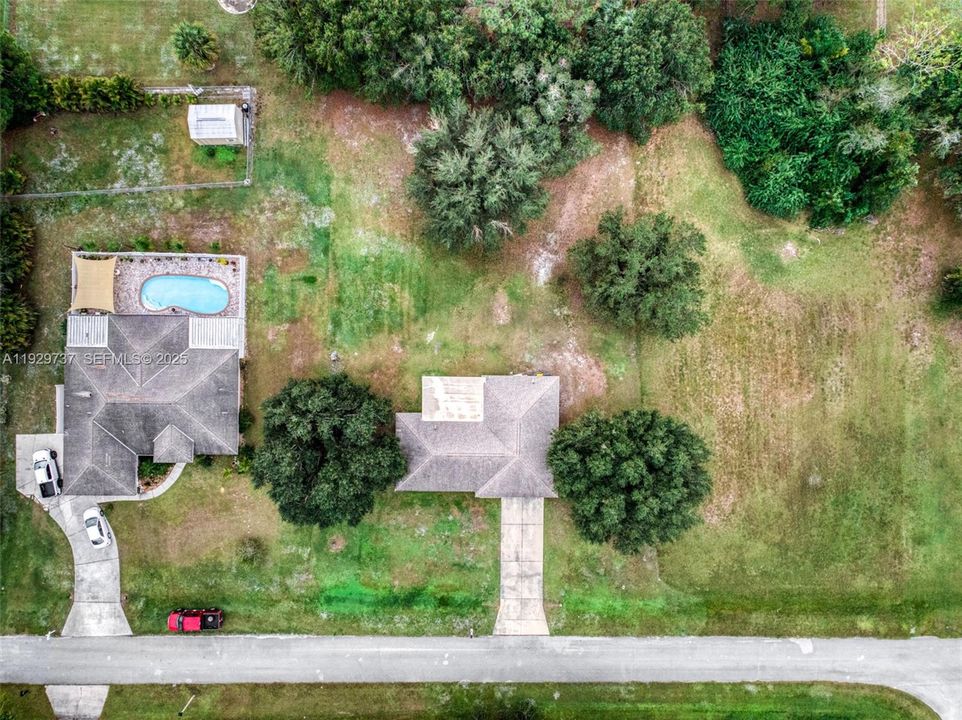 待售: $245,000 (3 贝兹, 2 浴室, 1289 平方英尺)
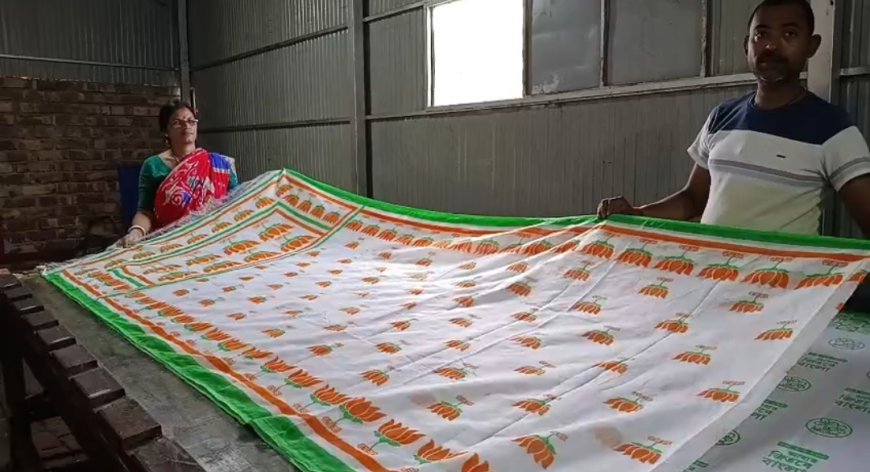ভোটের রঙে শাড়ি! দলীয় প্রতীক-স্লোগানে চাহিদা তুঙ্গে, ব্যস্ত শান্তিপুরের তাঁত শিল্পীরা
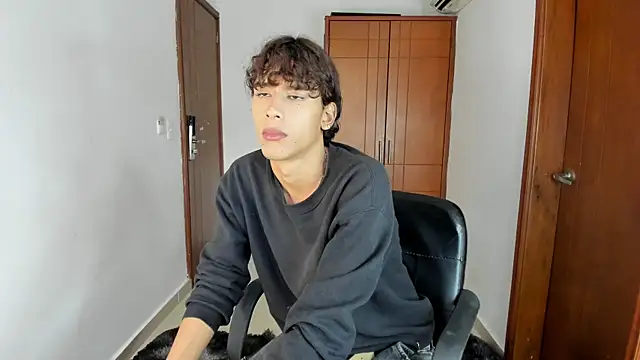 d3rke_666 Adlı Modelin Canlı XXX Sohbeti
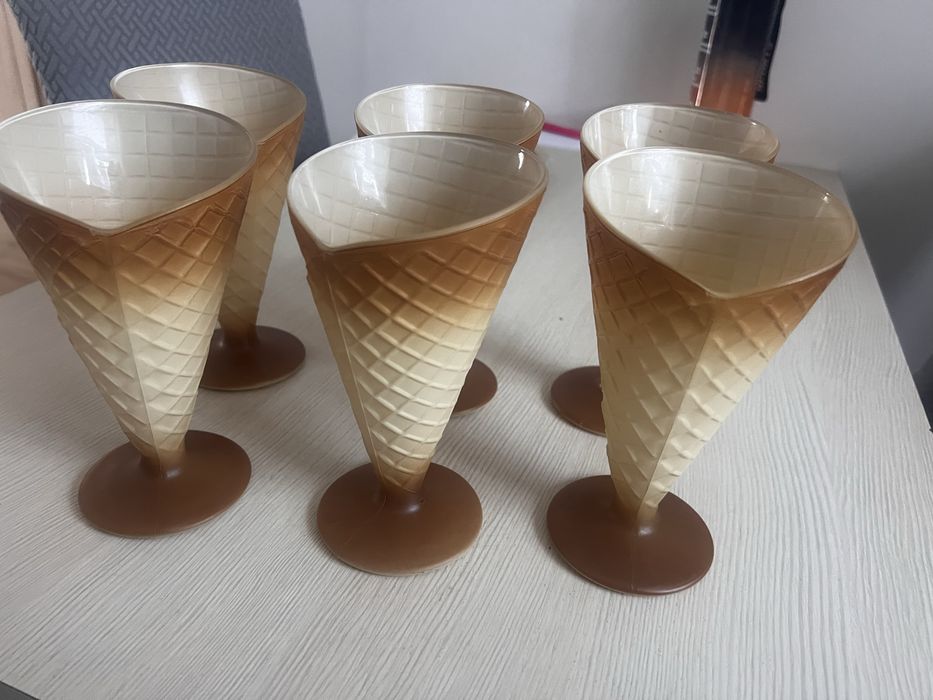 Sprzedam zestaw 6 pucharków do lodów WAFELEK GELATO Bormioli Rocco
+++
The problem:
Each line from the one that contains "ভোটের রঙে শাড়ি!" to the end of the listing must be quoted exactly; no other line and no picture belongs in the copy.

Solution to this task:
ভোটের রঙে শাড়ি! দলীয় প্রতীক-স্লোগানে চাহিদা তুঙ্গে, ব্যস্ত শান্তিপুরের তাঁত শিল্পীরা
 d3rke_666 Adlı Modelin Canlı XXX Sohbeti
 Sprzedam zestaw 6 pucharków do lodów WAFELEK GELATO Bormioli Rocco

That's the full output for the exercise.